**HOW TO COMPLETE THIS TASK:**
Take the lines below between the one holding "22076 W 99th" and the one holding "BKR, Bandung Rumah", inclusive, and copy them exactly. Add nothing.

(DATA SHOWN begins)

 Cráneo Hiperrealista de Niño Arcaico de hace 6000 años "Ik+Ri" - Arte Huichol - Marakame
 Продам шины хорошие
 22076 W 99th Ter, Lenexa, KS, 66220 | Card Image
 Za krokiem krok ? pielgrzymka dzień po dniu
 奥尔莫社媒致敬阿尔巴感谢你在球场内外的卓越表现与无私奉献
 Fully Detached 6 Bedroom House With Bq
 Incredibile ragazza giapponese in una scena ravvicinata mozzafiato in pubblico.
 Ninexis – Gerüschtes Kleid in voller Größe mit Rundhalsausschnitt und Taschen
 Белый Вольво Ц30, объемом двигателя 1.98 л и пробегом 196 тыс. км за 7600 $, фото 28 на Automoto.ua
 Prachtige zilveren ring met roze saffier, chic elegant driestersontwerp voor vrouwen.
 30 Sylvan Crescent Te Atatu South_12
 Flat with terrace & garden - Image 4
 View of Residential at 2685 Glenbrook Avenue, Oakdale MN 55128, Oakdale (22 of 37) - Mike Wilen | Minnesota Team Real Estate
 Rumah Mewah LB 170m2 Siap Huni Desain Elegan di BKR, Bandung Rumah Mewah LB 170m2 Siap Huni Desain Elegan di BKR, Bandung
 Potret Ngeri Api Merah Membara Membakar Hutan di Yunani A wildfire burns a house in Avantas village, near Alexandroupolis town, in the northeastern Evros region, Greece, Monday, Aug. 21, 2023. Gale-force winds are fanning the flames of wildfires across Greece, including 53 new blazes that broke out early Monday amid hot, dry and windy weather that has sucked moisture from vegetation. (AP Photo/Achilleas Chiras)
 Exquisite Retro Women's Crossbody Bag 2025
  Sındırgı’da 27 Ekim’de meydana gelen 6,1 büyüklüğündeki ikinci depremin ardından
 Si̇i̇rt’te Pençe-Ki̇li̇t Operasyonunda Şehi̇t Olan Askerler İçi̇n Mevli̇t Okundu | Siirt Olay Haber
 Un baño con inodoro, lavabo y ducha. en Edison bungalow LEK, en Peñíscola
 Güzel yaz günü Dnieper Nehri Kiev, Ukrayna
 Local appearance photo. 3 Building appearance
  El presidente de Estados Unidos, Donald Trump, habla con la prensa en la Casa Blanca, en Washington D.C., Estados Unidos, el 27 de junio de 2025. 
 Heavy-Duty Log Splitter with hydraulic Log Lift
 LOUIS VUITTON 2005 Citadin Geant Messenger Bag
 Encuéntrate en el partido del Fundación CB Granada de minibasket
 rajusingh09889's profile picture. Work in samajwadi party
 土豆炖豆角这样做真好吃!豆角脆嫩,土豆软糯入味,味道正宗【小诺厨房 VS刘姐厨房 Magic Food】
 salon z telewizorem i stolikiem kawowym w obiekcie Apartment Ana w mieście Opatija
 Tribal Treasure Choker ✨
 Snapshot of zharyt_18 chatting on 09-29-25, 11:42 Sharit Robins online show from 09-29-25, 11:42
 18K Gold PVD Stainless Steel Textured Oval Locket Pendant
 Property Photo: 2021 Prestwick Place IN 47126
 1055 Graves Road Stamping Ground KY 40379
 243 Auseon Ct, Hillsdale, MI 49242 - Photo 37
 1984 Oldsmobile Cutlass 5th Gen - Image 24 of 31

(DATA SHOWN ends)

**SOLUTION TO THE PROBLEM:**
 22076 W 99th Ter, Lenexa, KS, 66220 | Card Image
 Za krokiem krok ? pielgrzymka dzień po dniu
 奥尔莫社媒致敬阿尔巴感谢你在球场内外的卓越表现与无私奉献
 Fully Detached 6 Bedroom House With Bq
 Incredibile ragazza giapponese in una scena ravvicinata mozzafiato in pubblico.
 Ninexis – Gerüschtes Kleid in voller Größe mit Rundhalsausschnitt und Taschen
 Белый Вольво Ц30, объемом двигателя 1.98 л и пробегом 196 тыс. км за 7600 $, фото 28 на Automoto.ua
 Prachtige zilveren ring met roze saffier, chic elegant driestersontwerp voor vrouwen.
 30 Sylvan Crescent Te Atatu South_12
 Flat with terrace & garden - Image 4
 View of Residential at 2685 Glenbrook Avenue, Oakdale MN 55128, Oakdale (22 of 37) - Mike Wilen | Minnesota Team Real Estate
 Rumah Mewah LB 170m2 Siap Huni Desain Elegan di BKR, Bandung Rumah Mewah LB 170m2 Siap Huni Desain Elegan di BKR, Bandung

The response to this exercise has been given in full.